In her reply brief Forrest does not object to the first sentence of the foregoing modification proposed by the Attorney General, which states: “Do not remain in the presence of any person whom you know illegally possesses a firearm, deadly weapon, or ammunition.” She asserts this first sentence “essentially mirrors [her] suggestion.”
With respect to the second sentence of the modification proposed by the Attorney General-which (as noted) states, “Also, do not remain in a building, vehicle or in the presence of any person when you knowingly have ready access to a firearm, deadly weapon, or ammunition, regardless of whether it was lawfully possessed or acquired”-Forrest asserts she “would be happy with this second sentence if it was limited to firearms.” She argues this sentence should be limited to firearms because “[a] probationer will have ready access to ‘deadly weapons' and ‘ammunition’ any time she enters either a sporting goods store or a general store such as Walmart as these items are generally placed on store shelves and may be seen as readily accessible.” Forrest proposes the following “hybrid” modification of condition 12.g:
“Do not remain in the presence of any person whom you know illegally possesses a firearm, deadly weapon, or ammunition. Also, do not remain in a building, vehicle or in the presence of any person when you knowingly have ready access to a firearm regardless of whether it was lawfully possessed or acquired.” (Italics added.)
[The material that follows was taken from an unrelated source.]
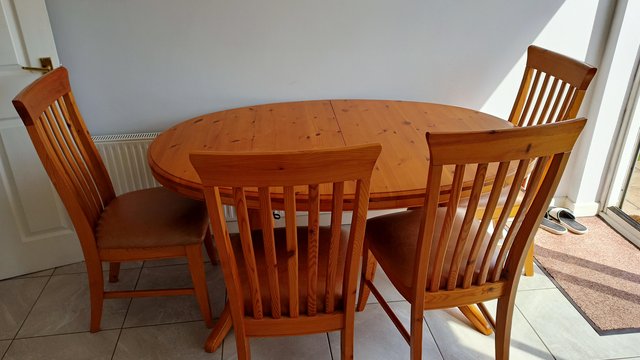 Preview of the first image of Wooden extendable dining room table and 6 chairs.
Forrest argues that, under her proposed modification of condition 12.g, “[she] would not be unreasonably restricted in her movements and the state's interest in preventing [her] presence in weapon store houses or [her] living with ‘armed bank robbers' would be maintained.”
We agree. Such a modification will remedy the unconstitutional overbreadth of probation condition 12.g while safeguarding the state's interests in maintaining public safety, preventing future criminality, and rehabilitating Forrest by deterring her from knowingly having ready access to firearms. Accordingly, we shall order that condition 12.g be modified to read as follows:
“Do not remain in the presence of any person who you know illegally possesses a firearm, deadly weapon, or ammunition. Also, do not remain in a building, in a vehicle, or in the presence of any person when you knowingly have ready access to a firearm, regardless of whether it is lawfully possessed or was lawfully acquired.”
See footnote *, ante .
Probation condition 12.g is modified to read: “Do not remain in the presence of any person who you know illegally possesses a firearm, deadly weapon, or ammunition. Also, do not remain in a building, in a vehicle, or in the presence of any person when you knowingly have ready access to a firearm, regardless of whether it is lawfully possessed or was lawfully acquired.” As so modified, the judgment is affirmed.The matter is remanded to the superior court with directions to (1) correct probation condition 12.g., which is set forth in the October 28, 2013 order granting formal probation, and forward a copy of the corrected condition to the probation authorities; and (2) correct both the October 28, 2013 minute order and the October 28, 2013 probation order to reflect the court's oral pronouncement of sentence that she serve 365 days in local custody as a condition of her probation and forward a copy of the corrected probation order to the probation authorities.